The Serbs of the north responded by erecting barricades on all main roads, where they now confront Nato soldiers every day: Monday's incident was sparked by yet another attempt to remove one. Thus far, two people have died and perhaps 200 have been injured. Ethnic tension has grown across all Kosovo and this crisis has become, as Ban Ki-moon wrote to the security council, a "threat to the region's peace and stability".
The policy of using Nato and Eulex to support Kosovo's efforts to take the north was originally pushed by the US but gradually embraced by the EU and several member states, which are now also threatening to reject Serbia as a candidate to EU accession unless it "improves" its relationship with an increasingly aggressive Kosovo.
The west is betting that through this combination of military and political pressure, Serbia's government – which faces elections in the spring and invested much political capital in its quest for EU candidacy – will eventually give up north Kosovo.
That this policy is hypocritical should already be clear. It is also ill-conceived, because even if it succeeds it won't pacify the north, most of whose residents will either leave or continue to resist Kosovo's authority. And it is very risky, because Belgrade does not control the north enough to be able to prevent a violent escalation, which could be sparked by any incident.
The other risk, of course, is that under that pressure Serbia would crack, lose faith in the EU and embrace its slavic Russian brothers. This would be a geopolitical setback for the west and a bad development for the Balkans: for instance, if Belgrade abandons its liberal, pro-EU path, the Serb half of Bosnia could opt to join a Russophile Serbia rather than playing its cards on reshaping the dysfunctional Bosnian state to its liking.

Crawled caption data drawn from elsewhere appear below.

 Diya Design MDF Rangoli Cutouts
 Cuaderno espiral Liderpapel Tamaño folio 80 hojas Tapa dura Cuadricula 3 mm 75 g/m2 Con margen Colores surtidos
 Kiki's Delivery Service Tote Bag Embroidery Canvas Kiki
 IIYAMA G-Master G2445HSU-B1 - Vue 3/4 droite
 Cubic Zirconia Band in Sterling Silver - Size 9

Indeed, the long-term stability of the Balkans rests on Serbia, due to its size, position and pouvoir de nuisance. But ominously, Russian influence in Belgrade is already growing, populist and nationalist oppositions are gathering strength in Serbia and the attractiveness of the EU is at its lowest, declining as fast as the spread between German and Italian bonds grows.

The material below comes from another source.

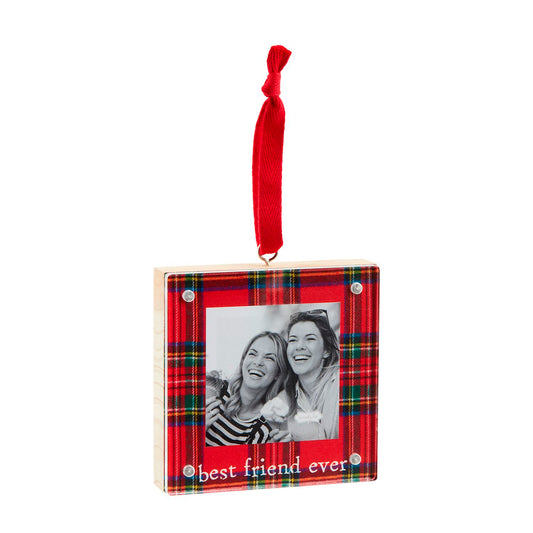 Mudpie Frame Ornament Best Friend Ever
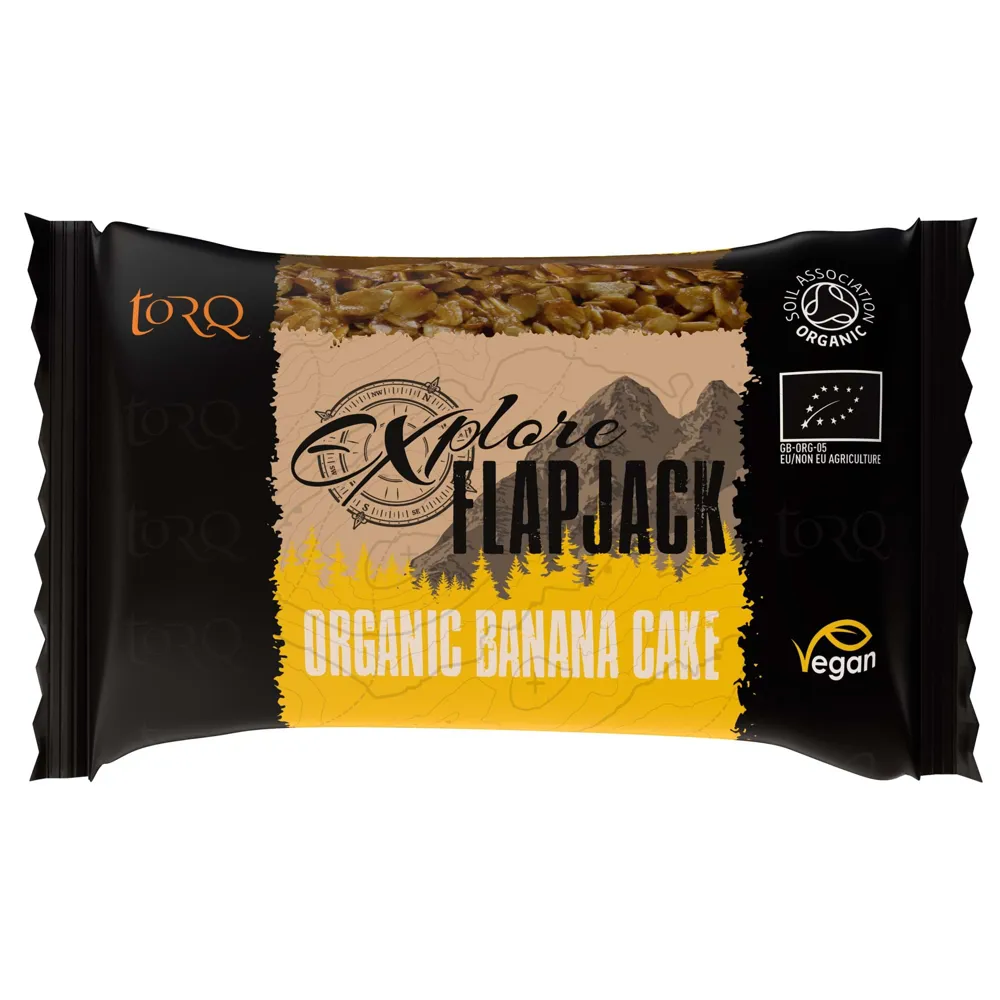 Team Cycles Torq Explore Flapjack in Organic Banana Cake - 65g | Interest FREE Finance & Online Refund Policy.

This policy should be discontinued. EU-mediated negotiations between Serbia and Kosovo are already under way on lesser topics: to solve this crisis the real issues must now be discussed. I have reservations on how it was achieved, but Kosovo's independence is both right and irreversible. Conversely, the separation of the north from the rest of Kosovo is regrettable and might still be reversible, with the right incentives, because that piece of land is not an existential issue for either side: in Kosovo what matters to Serbia lies south of the Ibar, not north of it; and the unruly and impoverished north is of value only to the elite of Kosovo, to distract its electorate from mounting socioeconomic problems.
The right incentives are in the hands of the EU, which both sides aspire to join. The EU should use them, to solve Kosovo's and Serbia's external problems, stabilise the Balkans and end its own division on the recognition of Kosovo, which still damages the nascent European common foreign policy. But firstly the EU should take from the US the lead on Kosovo and the Balkans. Perhaps rightly, from its perspective, Washington seems more interested in the credibility of its promises to Kosovo, and in preserving the useful control it exercises over its elite, than in the stability of the Balkans, that elusive European strategic aim of the last two decades. The EU should take over.
If it fails the dangers will grow: the Balkans eloquently proved that conflicts over land are possible also in the postmodern world. The 2008 war in Georgia reminded us that mistakes happen and risky bets can have bloody consequences.